* [SOURCE DATA]:
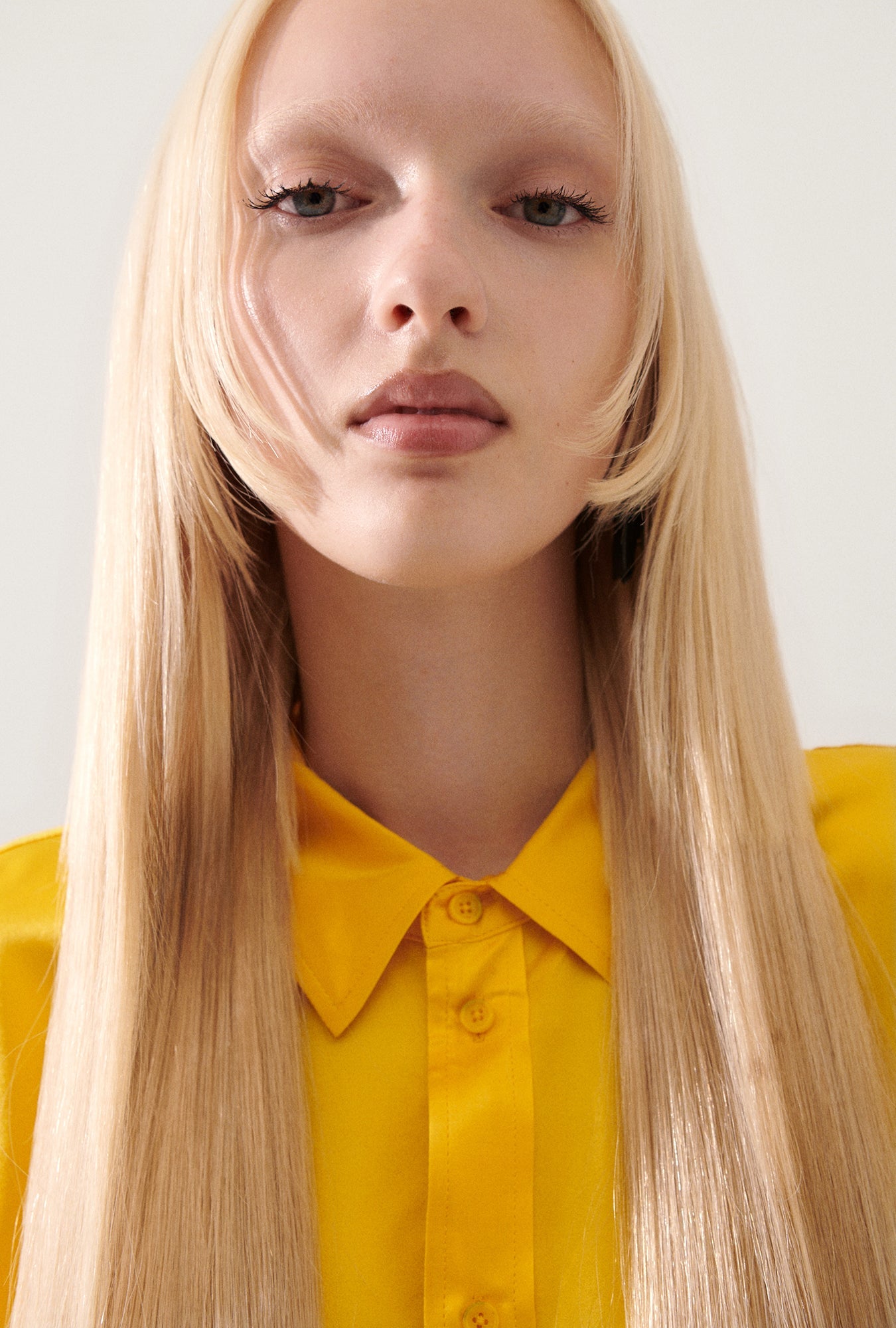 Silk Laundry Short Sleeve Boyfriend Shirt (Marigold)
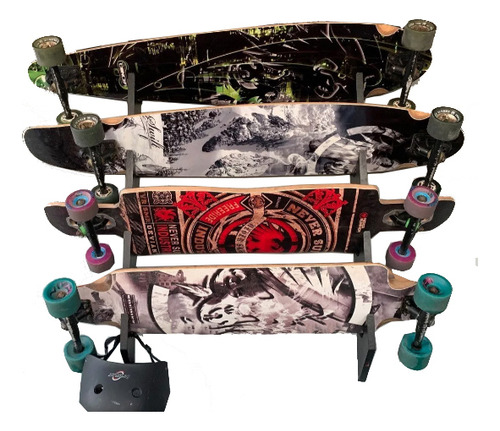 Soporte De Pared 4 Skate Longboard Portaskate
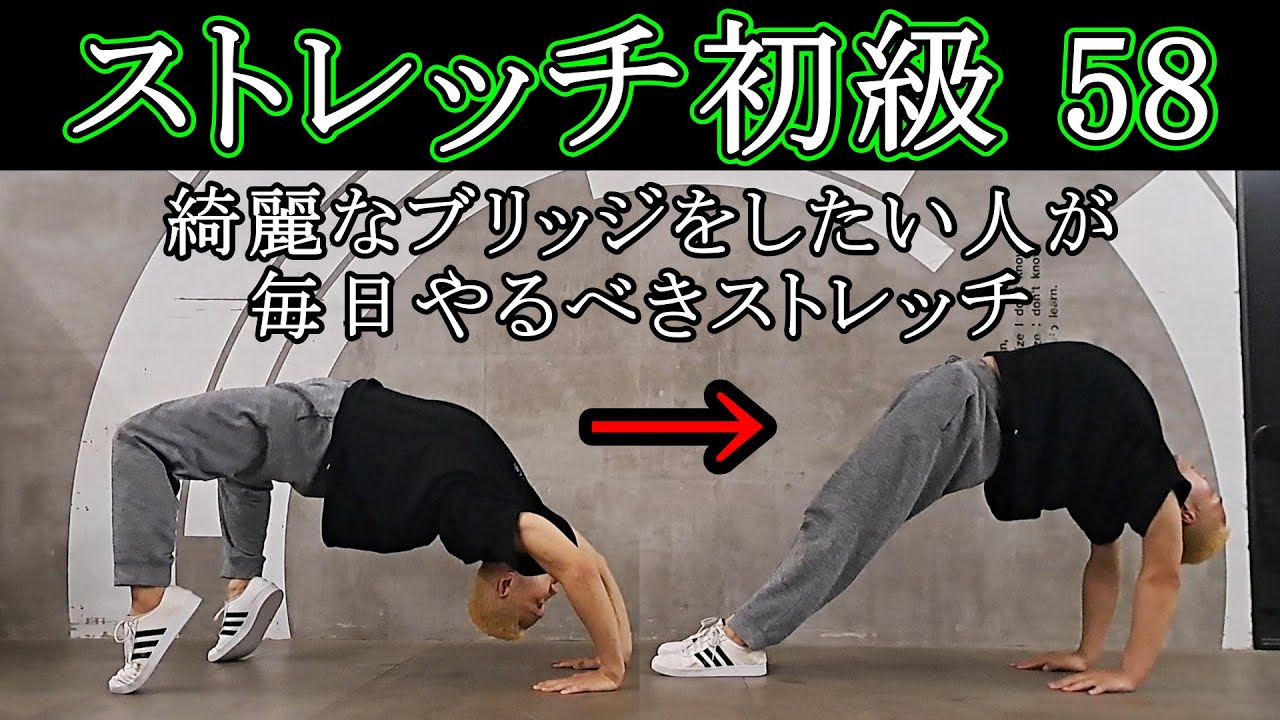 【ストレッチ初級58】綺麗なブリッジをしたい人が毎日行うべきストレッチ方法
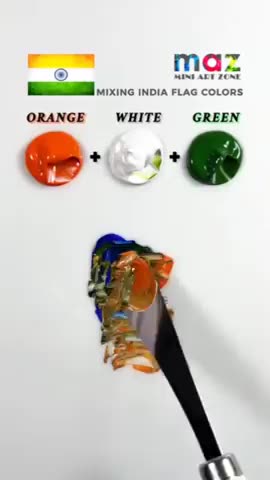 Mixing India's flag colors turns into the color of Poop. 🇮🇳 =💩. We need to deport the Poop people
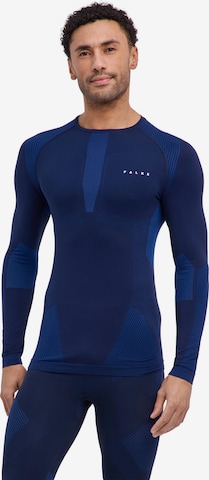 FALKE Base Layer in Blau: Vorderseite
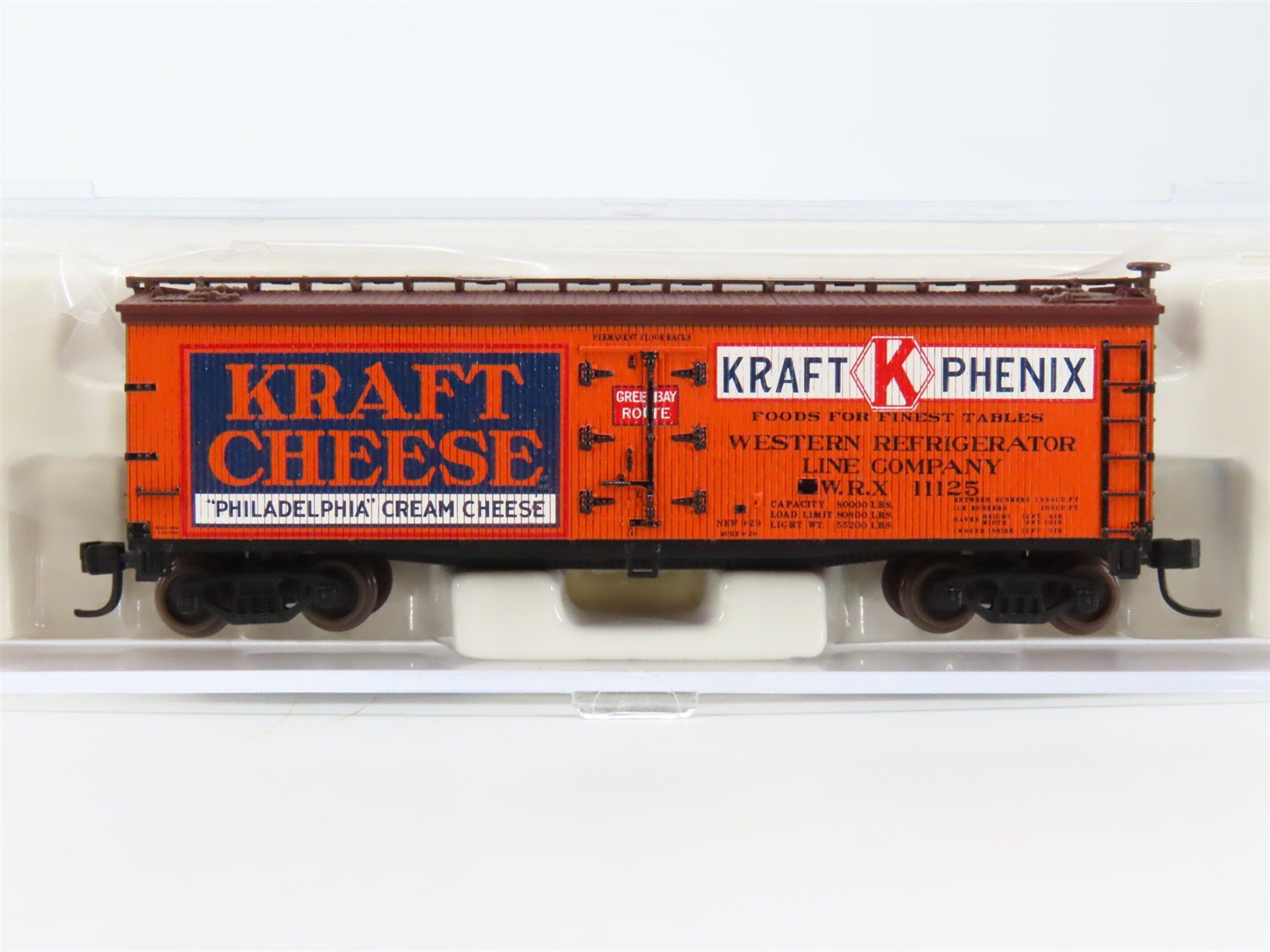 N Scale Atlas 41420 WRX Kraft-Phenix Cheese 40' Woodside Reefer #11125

* [EXERCISE DIRECTIONS]:
Please reproduce every record exactly as written, excluding the pictures.

* [TASK ANSWER]:
 Silk Laundry Short Sleeve Boyfriend Shirt (Marigold)
 Soporte De Pared 4 Skate Longboard Portaskate
 【ストレッチ初級58】綺麗なブリッジをしたい人が毎日行うべきストレッチ方法
 Mixing India's flag colors turns into the color of Poop. 🇮🇳 =💩. We need to deport the Poop people
 FALKE Base Layer in Blau: Vorderseite
 N Scale Atlas 41420 WRX Kraft-Phenix Cheese 40' Woodside Reefer #11125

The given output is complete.